The argument usually goes something like this: China’s educational and social environment doesn’t nurture the same type of innovation and creativity as in the West. Students grow up pouring over books and memorizing thousands of ratios, formulas, and the odd classical poem. They take the Gaokao, endure university, and end up in the civil service if they’re lucky, where they’ll slowly earn a paunch at the baijiu banquets, and work their way up before retiring on a juicy pension.
There is seemingly no room for out-of-the-box, off-the-wall thought. The type of thought that Steve Jobs, Bill Gates, John McAfee (pre-Belizean nightmare), and Henry Ford all had because in China, as the argument goes; risk is not rewarded, nor is daring to be different.
Hence, the theory that Chinese innovation can’t thrive; China is an imitator, not an originator. It doesn’t have an Apple, but it has a dozen sub-Apples, each with more worms than the last. It doesn’t have a Steve Jobs, but it does have Lei Jun, billionaire co-founder of Xiaomi smartphones, who appears publicly at rock-concert-styled product launches in dark t-shirts (a la Steve Jobs).
This argument is pervasive in some academic and political circles, but does it carry weight? What does Chinese innovation look like? And will China ever produce a product to rival the best of the West?
Chinese innovation needs a change in education
“Of course, in a population of 1.3 billion, there are many brilliant Chinese. Smarter than Steve Jobs, even,” says Austin Qie, founder of job-training website, wyzc.com which stands for “我赢职场” and translates roughly to “winning at the job market.”
He went on to say, “The problem, the main problem, is education…not just elementary school, but university [too]. Students aren’t studying useful things. They aren’t studying what they need for the job market, so what they end up with are skills they can’t use, that no one [in society] can use.”

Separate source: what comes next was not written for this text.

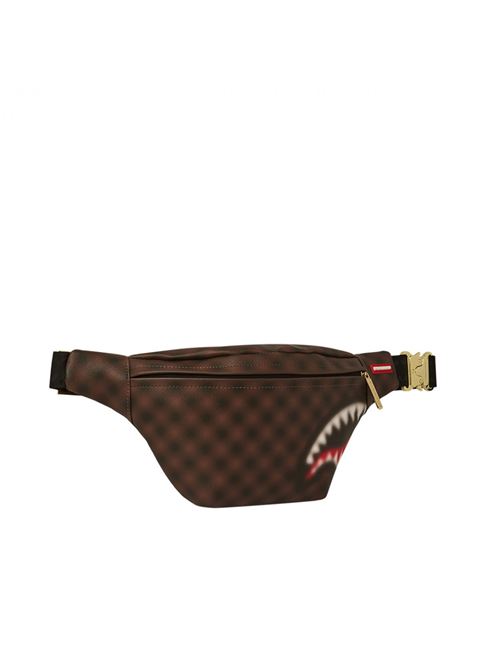 SPRAYGROUND
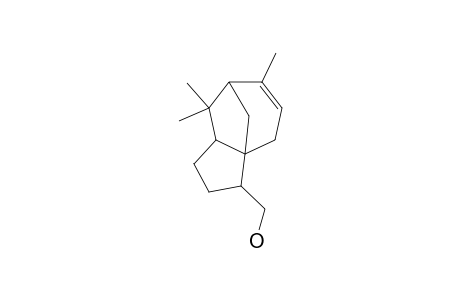 ALPHA-CEDREN-12-OL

Qie’s website teaches IT skills like app design, programming, and coding, and upon graduation helps match students to China’s tech companies. Though it might seem like a leap of logic, Qie believes that without an education geared towards real, practical skills, China will suffer from innovative malaise as students “learn nonsense knowledge” that won’t help them create the next Xbox or lend them the creativity to write the next Gangnam Style.
Shaun Rein, founder of Shanghai-based China Market Research Group is an outspoken advocate of Qie’s view. In an article he wrote for Forbes last June, he argued that China’s test-focused educational system drains students of their creativity and initiative, and is ultimately poisonous to society: “Chinese parents are acutely aware that the Chinese educational system focuses too much on rote memorization and doesn’t give students enough training in morality and extracurricular activity. Prepping students to get high test scores does not translate into teaching them to think critically,” Rein wrote.

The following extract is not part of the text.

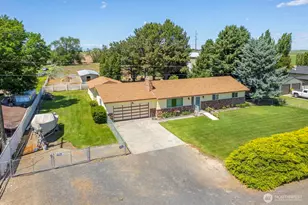4934 Road L 9 NE, Moses Lake, WA 98837 - Photo 2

However, educational change alone might not be enough to jolt the status quo. “Our society has too many barriers to creativity [the government not withstanding],” Qie said. “The same thought patterns that one generation had is passed to the next, and the next…and so on. Until something is done to disrupt this, it will be hard [to innovate].”
Xiaomi’s smartphones: Is it an example of innovation?
One Chinese company that has made ripples recently is Lei Jun’s Xiaomi, which was founded in 2010 by a team of seven experienced tech entrepreneurs led by Lei. The Beijing-based company’s cut-rate, high-spec phones have gained a cult following, with online product launches selling out in minutes and analysts gushing about a recent $10 billion valuation (with $4 billion expected in 2013 revenue and expected sales of 20 million phones). In the second quarter, Android-powered Xiaomi surpassed Apple to control five percent of China’s lucrative smartphone market and according to consultancy IDC Xiaomi is expected to grow to 360 million shipments by 2013.
Where Xiaomi smartphones have excelled is in catering to China’s price-sensitive consumers. Its current phones, the more advanced of which stack up favorably against Samsung’s Galaxy Series, are priced between 799-1799 RMB, compared to at least 4,000 RMB for high-end models from Samsung and Apple. In September, Apple’s vaunted launch of a 4,488 RMB “budget” model, the 5c, was met with only tepid fanfare in the Chinese market. In contrast, Xiaomi’s budget model, the HongMi (Red Rice), priced at 799 RMB, sold 100,000 units within two minutes of launching, according to Xiaomi’s Twitter account.
Even with Xiaomi’s blistering advance, there are questions about how truly “innovative” the company is (its early offerings were especially “iPhonesque,” and the English interfaces are often Saved-by-the-Bell-Era clunky). Hoping to shore up these doubts and make inroads in the international market, the company earlier this month hired Hugo Barra, the ex-Android heat at Google, to lead the company’s Global Expansion team.
Whether or not they’ll succeed in tapping into markets outside of China, Austin Qie applauds their effort and thinks more Chinese companies and entrepreneurs should learn from Xiaomi. “They [Xiaomi] don’t just wait for someone like Apple to do something and copy,” Qie says, adding that many other Chinese tech firms still fit this mold. “Instead, they are thinking ahead, always thinking.” This, Qie says, is the mark of innovation.